Membership in the Evangelical Lutheran Church in America remained largely stable for 1996, according to ELCA Secretary Lowell G. Almen. The current baptized membership of 5,180,910 represents a slight decrease of 9,517 from 1995. The number of congregations decreased by 19--largely because of consolidations and mergers--leaving 10,936 in 1996.
About 1.6 million (30.30 percent) of those baptized members worship each week. Since 1988, average worship attendance has fluctuated slightly between 30 percent and 31 percent.
Baptisms of children (83,799 in 1996) decreased by 1,353 from 1995, but that reflects the slowed birth rate of the population in general, Almen says.

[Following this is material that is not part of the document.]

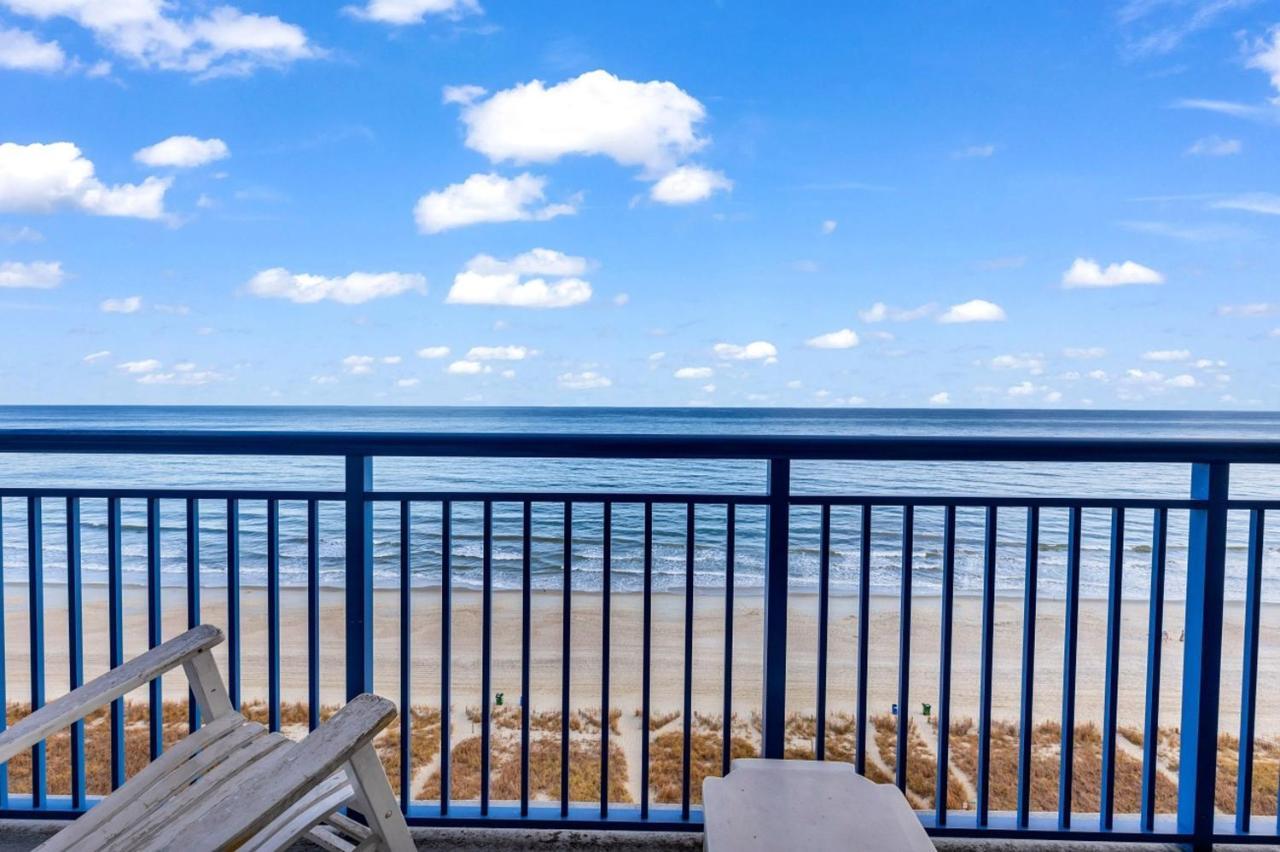 Atlantica Beachfront Getaway Myrtle Beach Zewnętrze zdjęcie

While baptisms of adults decreased 167 from 8,270 in 1995 to 8,103 in 1996, for the second consecutive year the number of members received through affirmations of faith increased by 3,163 to 65,013. And the number of youth confirmed in 1996 increased by more than 1 percent over 1995 (up 736 from 58,515 in 1995) for the seventh year in a row.
For 1996, 2.14 percent of baptized members are African American, Black, Asian, Hispanic or American Indian/Alaska Native people. For 1995 the percentage was 2.09. The actual numbers are:
* African American or Black, 49,707, up 248.

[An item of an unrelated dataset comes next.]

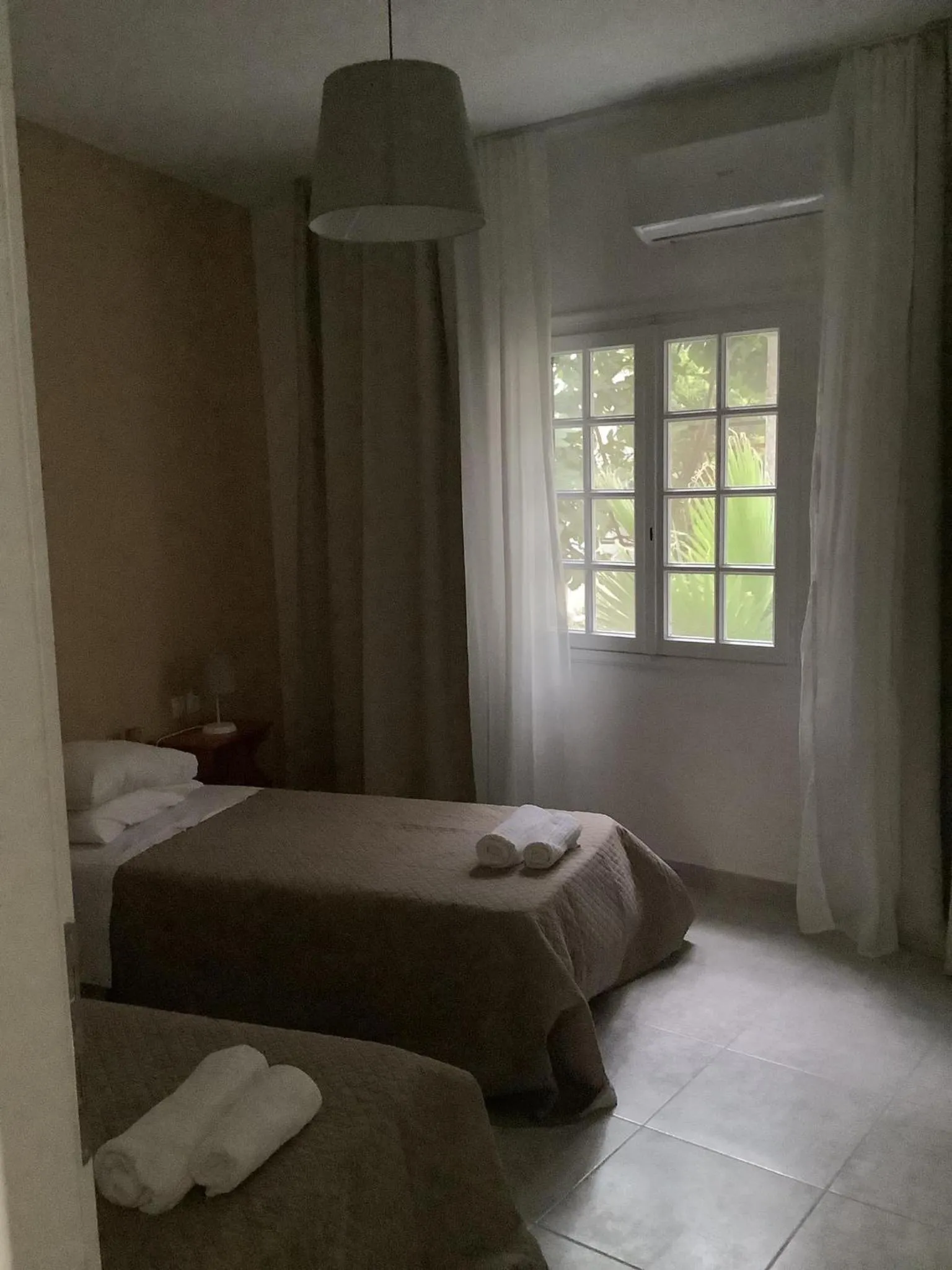 Bedroom, Bed in DVLNG 2 Bedroom & Dining Room Apartment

* Asian and Pacific Islander, 21,898, down 109.
* Hispanic, 29,424, up 1,306.
* American Indian/Alaska Native, 7,005, up 93.

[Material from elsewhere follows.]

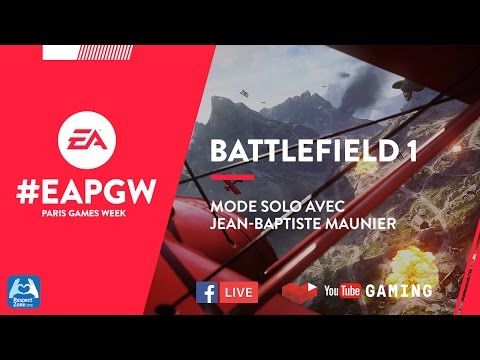 Battlefield 1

* 4,805 members declared their ethnic heritage as "other."
In the year of its birth in 1988, the ELCA counted 98,166 African American, Asian, Hispanic and Native American members. By 1996 that number increased 14.5 percent to 112,839.
"In this age of instant communication, people throughout this church use new technologies to tell others about the gospel of Jesus Christ and the ministries of our church," Almen says. "We now know that 762 congregations or 7 percent have an E-mail address and 2,181 pastors, or 22 percent serving congregations, use E-mail in their ministries."